> [Information]
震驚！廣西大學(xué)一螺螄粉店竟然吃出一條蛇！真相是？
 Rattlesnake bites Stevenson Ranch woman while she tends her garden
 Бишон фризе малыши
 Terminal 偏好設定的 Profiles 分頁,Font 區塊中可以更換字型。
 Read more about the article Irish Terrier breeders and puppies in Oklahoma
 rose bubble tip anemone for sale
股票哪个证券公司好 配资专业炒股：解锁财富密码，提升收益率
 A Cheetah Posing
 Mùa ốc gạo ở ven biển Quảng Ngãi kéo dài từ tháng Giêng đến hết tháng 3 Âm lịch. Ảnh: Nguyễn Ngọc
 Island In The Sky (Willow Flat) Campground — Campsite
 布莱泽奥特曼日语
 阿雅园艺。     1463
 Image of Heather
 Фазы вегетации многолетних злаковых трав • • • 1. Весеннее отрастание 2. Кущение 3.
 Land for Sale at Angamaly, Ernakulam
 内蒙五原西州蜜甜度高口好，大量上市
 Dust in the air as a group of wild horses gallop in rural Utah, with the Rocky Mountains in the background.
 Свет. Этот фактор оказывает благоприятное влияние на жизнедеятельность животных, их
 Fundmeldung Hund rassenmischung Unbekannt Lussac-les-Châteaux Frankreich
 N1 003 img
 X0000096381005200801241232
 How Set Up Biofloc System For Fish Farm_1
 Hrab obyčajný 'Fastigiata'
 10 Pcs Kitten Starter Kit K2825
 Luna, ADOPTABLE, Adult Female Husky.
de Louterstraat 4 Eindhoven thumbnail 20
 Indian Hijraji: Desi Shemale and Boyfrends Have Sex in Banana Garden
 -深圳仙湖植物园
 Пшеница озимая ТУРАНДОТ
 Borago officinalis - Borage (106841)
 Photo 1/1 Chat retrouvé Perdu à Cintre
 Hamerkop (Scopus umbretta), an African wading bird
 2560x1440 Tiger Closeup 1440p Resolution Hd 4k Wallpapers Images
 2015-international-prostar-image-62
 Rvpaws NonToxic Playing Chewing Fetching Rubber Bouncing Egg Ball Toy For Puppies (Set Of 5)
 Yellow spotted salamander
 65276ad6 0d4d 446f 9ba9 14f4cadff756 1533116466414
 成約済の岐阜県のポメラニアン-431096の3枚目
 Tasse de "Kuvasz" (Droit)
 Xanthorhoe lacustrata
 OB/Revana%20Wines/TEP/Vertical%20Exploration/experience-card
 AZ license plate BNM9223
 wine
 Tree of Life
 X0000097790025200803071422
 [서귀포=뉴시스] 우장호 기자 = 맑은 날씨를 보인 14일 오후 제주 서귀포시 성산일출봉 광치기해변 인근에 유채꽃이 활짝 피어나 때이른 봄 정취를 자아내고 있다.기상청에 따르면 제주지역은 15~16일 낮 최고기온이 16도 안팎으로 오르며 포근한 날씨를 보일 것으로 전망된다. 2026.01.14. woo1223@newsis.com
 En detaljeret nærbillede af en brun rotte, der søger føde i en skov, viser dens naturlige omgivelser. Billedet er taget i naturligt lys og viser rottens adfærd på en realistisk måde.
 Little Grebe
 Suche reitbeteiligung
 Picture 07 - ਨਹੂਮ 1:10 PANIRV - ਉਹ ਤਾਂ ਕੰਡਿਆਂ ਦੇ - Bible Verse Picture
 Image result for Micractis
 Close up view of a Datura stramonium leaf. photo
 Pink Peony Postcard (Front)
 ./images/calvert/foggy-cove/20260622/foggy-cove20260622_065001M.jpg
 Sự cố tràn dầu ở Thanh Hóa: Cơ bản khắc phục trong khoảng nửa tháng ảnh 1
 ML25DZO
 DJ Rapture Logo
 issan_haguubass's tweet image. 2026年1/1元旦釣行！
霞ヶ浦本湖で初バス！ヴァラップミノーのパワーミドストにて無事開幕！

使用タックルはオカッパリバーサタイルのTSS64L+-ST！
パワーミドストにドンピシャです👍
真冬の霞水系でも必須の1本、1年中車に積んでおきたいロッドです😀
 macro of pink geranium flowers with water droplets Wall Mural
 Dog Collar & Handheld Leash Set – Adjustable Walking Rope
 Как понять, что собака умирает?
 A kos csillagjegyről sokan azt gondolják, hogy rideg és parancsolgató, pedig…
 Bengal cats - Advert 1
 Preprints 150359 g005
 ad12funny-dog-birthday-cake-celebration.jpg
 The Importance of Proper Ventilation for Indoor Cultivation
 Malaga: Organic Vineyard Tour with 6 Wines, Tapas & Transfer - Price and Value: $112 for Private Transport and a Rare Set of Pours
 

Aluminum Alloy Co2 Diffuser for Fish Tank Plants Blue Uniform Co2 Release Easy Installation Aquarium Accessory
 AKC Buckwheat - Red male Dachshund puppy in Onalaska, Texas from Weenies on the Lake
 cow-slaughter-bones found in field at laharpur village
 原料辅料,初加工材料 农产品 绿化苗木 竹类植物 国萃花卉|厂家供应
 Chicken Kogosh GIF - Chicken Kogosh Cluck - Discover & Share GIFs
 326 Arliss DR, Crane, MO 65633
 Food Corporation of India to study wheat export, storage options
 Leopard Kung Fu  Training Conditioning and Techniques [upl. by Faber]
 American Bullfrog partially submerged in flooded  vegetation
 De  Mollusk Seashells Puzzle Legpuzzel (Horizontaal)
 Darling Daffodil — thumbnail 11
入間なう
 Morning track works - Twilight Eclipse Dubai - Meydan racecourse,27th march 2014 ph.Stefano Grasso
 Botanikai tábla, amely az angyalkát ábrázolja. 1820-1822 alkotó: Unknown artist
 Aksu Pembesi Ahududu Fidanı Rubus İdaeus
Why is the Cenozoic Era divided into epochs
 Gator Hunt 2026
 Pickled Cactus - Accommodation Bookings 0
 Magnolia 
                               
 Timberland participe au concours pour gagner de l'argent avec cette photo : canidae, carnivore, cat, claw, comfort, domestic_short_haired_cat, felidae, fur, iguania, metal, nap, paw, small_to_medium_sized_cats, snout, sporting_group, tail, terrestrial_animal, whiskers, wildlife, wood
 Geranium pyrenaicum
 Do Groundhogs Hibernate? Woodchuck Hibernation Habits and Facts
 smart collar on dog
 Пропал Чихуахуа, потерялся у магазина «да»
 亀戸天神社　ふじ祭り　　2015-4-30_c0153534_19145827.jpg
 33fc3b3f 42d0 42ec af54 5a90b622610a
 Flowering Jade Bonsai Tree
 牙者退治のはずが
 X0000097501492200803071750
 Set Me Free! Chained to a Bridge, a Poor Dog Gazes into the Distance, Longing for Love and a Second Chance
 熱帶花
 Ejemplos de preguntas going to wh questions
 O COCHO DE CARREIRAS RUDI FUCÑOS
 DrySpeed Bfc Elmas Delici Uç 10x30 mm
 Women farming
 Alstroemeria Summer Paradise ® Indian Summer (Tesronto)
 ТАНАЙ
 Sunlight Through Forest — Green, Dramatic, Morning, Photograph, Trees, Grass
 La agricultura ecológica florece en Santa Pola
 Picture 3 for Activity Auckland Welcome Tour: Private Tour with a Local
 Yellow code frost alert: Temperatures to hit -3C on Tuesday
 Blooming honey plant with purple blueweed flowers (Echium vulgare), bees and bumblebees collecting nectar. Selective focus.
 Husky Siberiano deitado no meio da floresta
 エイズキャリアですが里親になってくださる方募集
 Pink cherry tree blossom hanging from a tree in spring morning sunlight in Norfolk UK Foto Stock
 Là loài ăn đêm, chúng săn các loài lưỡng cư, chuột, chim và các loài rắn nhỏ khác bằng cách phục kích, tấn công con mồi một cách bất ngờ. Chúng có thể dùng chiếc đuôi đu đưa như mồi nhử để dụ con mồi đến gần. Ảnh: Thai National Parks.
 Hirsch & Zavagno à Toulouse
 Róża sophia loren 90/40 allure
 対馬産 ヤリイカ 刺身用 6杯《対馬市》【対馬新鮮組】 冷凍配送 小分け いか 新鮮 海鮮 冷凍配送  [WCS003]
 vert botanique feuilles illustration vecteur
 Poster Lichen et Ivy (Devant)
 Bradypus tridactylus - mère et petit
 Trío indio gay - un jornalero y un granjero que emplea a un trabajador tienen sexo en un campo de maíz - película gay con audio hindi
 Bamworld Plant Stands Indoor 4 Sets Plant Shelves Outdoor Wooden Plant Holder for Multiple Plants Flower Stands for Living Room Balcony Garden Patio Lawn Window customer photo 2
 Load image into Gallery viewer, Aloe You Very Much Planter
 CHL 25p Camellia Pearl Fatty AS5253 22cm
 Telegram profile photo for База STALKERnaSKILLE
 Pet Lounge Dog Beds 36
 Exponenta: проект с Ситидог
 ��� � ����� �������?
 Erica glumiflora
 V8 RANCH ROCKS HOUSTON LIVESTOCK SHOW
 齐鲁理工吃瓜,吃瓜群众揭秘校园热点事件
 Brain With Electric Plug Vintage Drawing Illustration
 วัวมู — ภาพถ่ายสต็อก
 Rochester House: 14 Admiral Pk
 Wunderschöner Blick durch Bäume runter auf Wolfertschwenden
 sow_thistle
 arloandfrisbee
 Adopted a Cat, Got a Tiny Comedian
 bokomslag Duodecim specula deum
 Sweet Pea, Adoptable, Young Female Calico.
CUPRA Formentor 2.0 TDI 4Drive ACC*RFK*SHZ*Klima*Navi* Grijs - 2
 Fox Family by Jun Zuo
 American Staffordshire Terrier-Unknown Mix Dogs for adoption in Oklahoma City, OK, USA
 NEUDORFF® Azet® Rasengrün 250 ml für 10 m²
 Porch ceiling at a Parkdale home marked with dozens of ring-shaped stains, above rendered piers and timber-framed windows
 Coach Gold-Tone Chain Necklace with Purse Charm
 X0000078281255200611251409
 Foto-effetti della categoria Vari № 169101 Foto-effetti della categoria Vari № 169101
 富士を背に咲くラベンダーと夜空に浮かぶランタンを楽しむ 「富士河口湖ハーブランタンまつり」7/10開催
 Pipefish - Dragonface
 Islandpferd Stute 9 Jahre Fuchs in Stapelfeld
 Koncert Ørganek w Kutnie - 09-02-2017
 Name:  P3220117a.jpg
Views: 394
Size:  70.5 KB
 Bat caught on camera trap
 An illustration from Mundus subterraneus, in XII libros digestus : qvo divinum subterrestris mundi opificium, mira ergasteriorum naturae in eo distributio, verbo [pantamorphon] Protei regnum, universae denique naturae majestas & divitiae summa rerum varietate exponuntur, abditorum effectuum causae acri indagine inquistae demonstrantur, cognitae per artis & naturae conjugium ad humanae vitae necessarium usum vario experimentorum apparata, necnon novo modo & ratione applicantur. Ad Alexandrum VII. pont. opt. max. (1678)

> [Work order] Show all lines from the records above where the word "Plants" occurs.

> [Response below]
Aluminum Alloy Co2 Diffuser for Fish Tank Plants Blue Uniform Co2 Release Easy Installation Aquarium Accessory
 Bamworld Plant Stands Indoor 4 Sets Plant Shelves Outdoor Wooden Plant Holder for Multiple Plants Flower Stands for Living Room Balcony Garden Patio Lawn Window customer photo 2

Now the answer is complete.